What you need to do
Exactly the lines below from the line with "Napkin/écharpe Max au" through the line with "EQ.IQ 베이지 V넥 플레어 드레스 34" must make up the answer, both ends included and pictures left out.

Source data
---

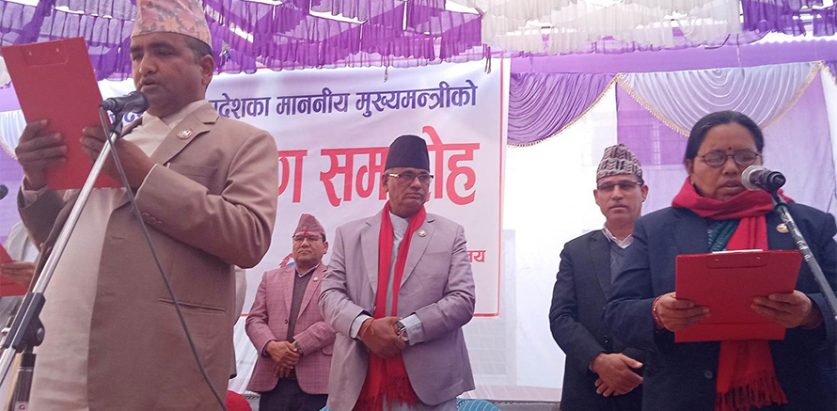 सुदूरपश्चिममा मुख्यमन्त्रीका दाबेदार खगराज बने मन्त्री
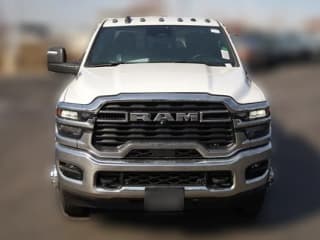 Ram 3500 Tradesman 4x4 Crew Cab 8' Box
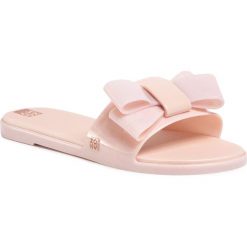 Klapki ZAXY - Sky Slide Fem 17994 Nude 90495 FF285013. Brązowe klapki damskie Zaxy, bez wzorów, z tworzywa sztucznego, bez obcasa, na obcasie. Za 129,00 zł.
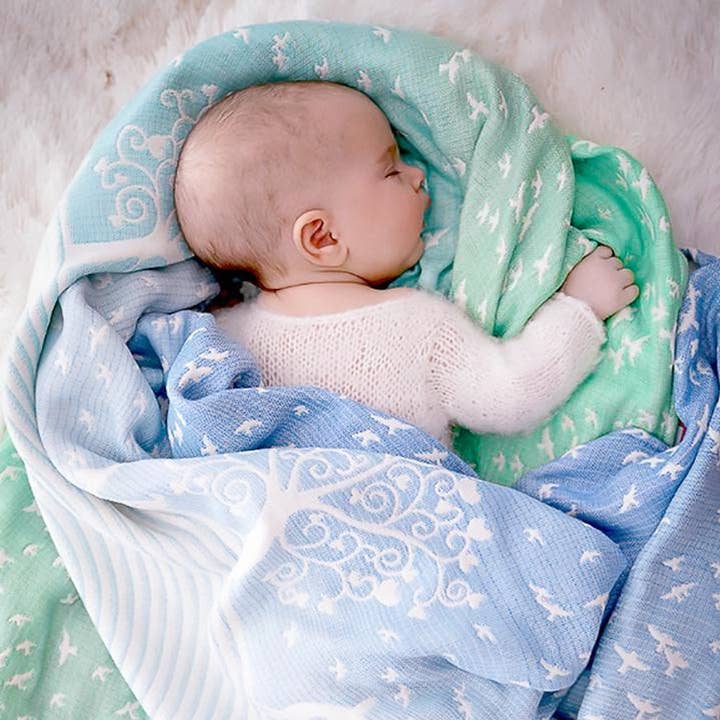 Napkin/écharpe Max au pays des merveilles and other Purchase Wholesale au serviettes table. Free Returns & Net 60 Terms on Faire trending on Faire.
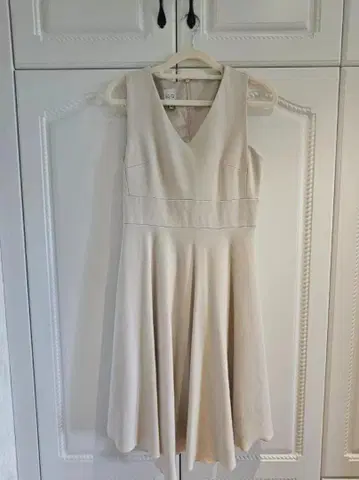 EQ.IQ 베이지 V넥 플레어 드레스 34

---

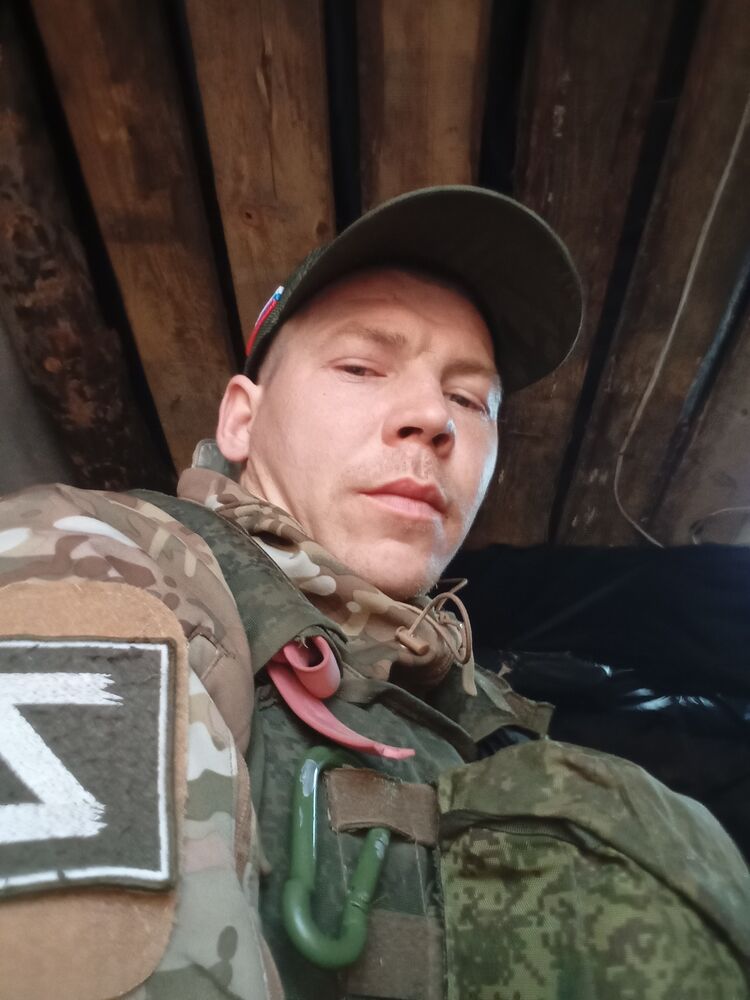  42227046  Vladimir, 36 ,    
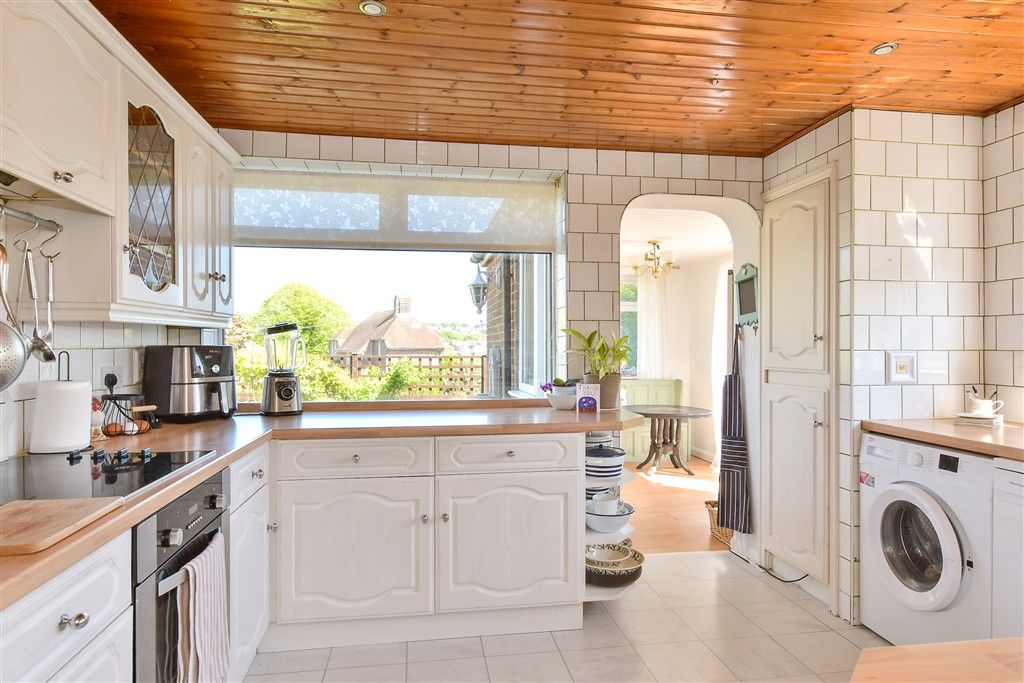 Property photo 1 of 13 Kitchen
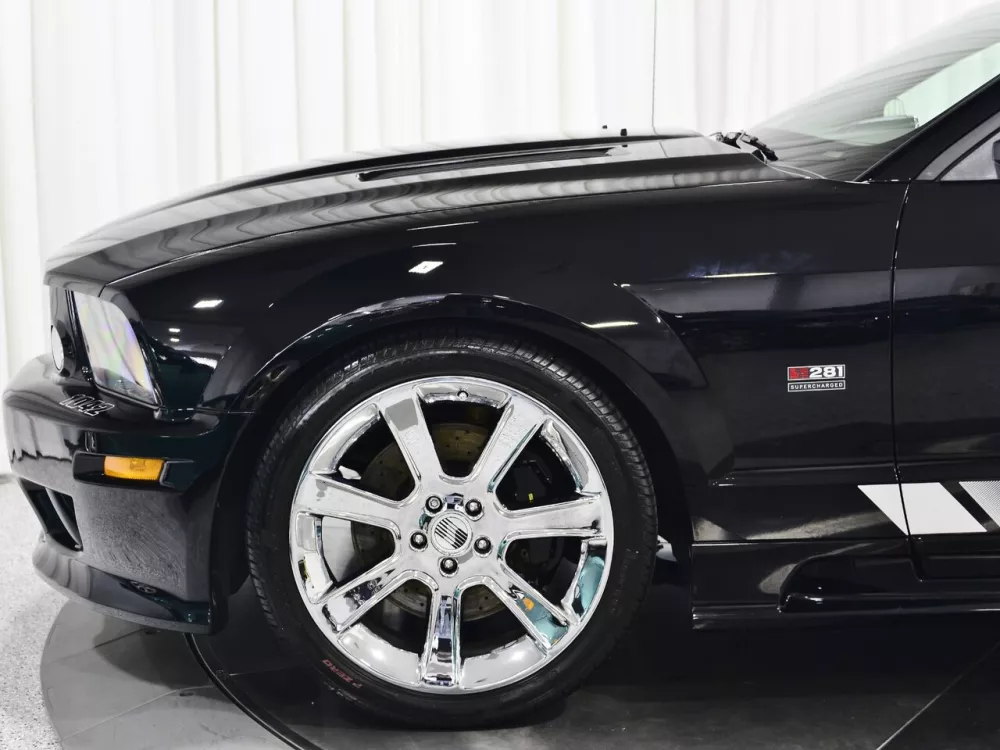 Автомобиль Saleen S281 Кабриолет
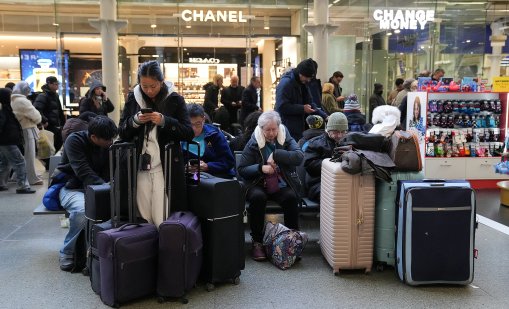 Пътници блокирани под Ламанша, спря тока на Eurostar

---

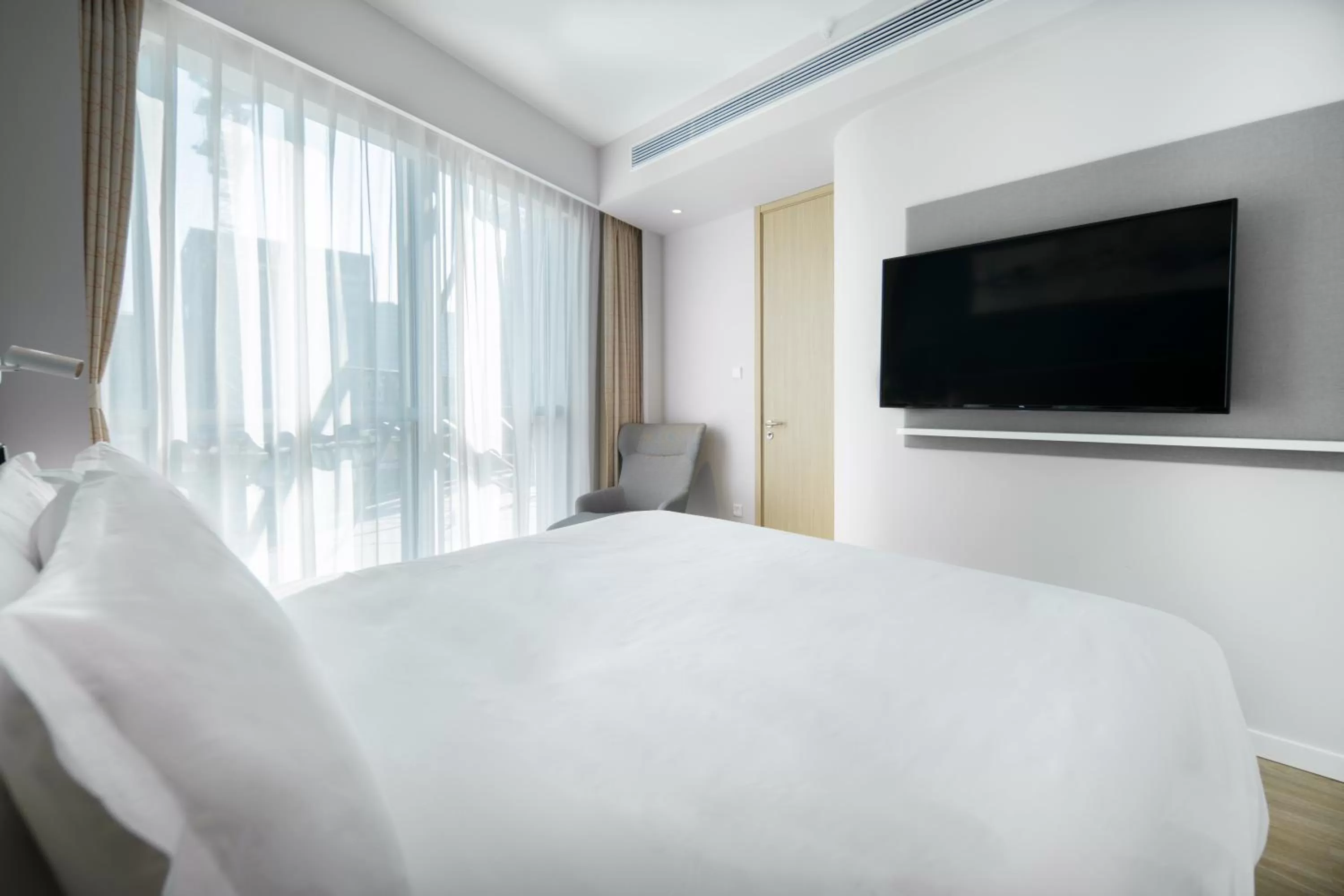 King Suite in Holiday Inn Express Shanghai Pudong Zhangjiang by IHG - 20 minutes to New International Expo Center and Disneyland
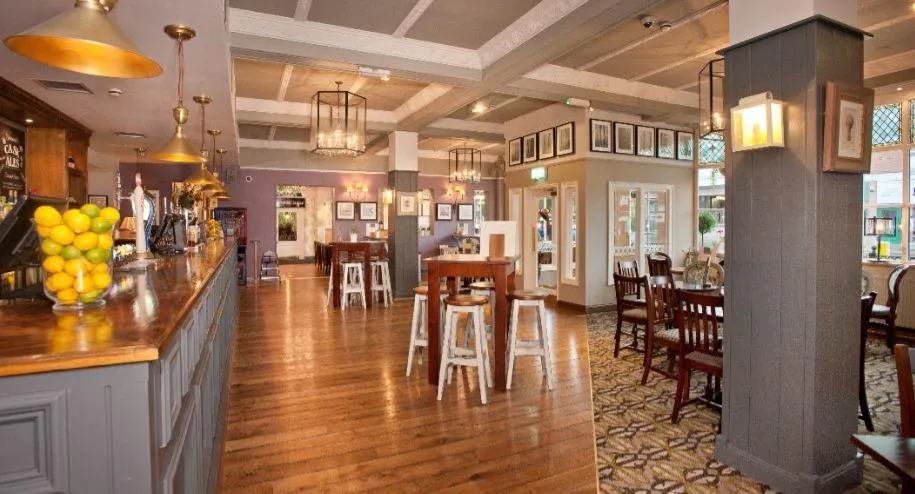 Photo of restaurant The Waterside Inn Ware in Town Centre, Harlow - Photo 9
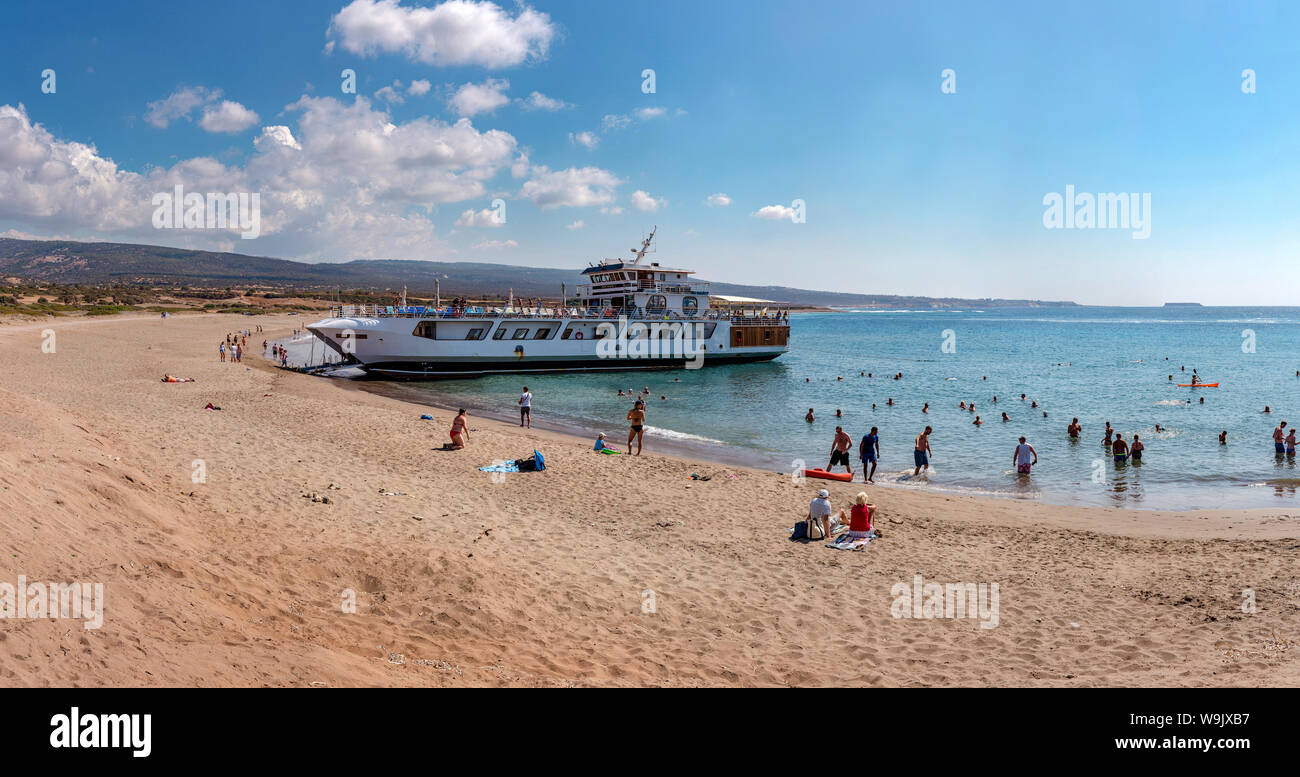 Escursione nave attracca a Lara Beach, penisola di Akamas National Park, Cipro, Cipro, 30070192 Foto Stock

---

Your response
 Napkin/écharpe Max au pays des merveilles and other Purchase Wholesale au serviettes table. Free Returns & Net 60 Terms on Faire trending on Faire.
 EQ.IQ 베이지 V넥 플레어 드레스 34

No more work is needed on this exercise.